Filter the entries below, keeping only lines with the word "code".

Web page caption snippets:
- - - -
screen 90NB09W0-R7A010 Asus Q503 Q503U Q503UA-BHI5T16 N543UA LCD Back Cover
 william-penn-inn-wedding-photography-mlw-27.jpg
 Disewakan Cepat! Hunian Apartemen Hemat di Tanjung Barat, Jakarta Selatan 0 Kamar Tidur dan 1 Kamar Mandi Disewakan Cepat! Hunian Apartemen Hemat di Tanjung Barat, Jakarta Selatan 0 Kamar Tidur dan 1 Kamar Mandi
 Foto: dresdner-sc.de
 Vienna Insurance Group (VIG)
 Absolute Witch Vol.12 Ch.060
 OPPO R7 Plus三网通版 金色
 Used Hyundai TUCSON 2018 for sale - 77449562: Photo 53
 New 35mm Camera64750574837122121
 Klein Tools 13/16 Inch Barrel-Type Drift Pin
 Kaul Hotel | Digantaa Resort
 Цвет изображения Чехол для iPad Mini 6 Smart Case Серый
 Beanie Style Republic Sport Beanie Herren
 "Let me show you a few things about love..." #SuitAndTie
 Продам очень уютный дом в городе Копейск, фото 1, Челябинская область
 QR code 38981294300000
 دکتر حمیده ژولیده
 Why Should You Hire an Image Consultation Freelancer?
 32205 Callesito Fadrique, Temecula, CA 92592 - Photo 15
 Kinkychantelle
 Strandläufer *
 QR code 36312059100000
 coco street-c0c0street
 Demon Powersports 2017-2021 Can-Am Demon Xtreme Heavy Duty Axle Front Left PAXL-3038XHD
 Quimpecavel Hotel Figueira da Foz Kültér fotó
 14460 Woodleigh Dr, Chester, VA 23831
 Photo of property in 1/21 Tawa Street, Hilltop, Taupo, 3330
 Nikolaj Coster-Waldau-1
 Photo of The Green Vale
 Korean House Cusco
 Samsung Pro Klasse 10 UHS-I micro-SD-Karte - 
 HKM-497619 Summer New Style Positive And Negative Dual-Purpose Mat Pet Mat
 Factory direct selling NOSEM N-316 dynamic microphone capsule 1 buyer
- - - -
(Task answer):
 QR code 38981294300000
 QR code 36312059100000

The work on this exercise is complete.